• [Directions for this task] Of the entries below, restate word for word only the section that runs from the line with "Foto 1 de Apartamento" to the line with "Used Left front", counting both ends.
─── Dataset excerpts ───
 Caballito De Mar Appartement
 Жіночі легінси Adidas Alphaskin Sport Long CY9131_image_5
───
─── Dataset excerpts ───
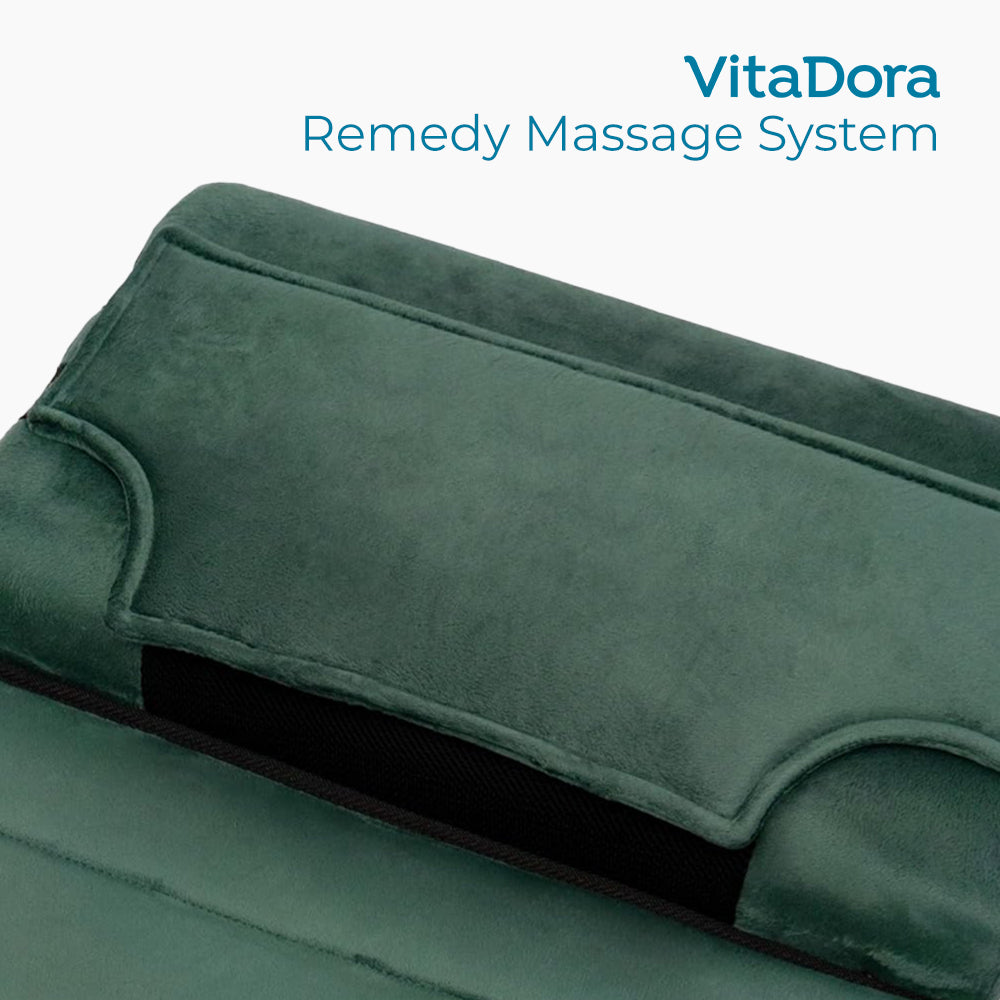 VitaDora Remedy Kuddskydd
───
─── Dataset excerpts ───
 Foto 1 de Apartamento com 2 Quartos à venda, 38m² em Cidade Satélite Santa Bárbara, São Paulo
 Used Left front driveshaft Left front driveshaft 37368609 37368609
───
• [Expected answer]
 Foto 1 de Apartamento com 2 Quartos à venda, 38m² em Cidade Satélite Santa Bárbara, São Paulo
 Used Left front driveshaft Left front driveshaft 37368609 37368609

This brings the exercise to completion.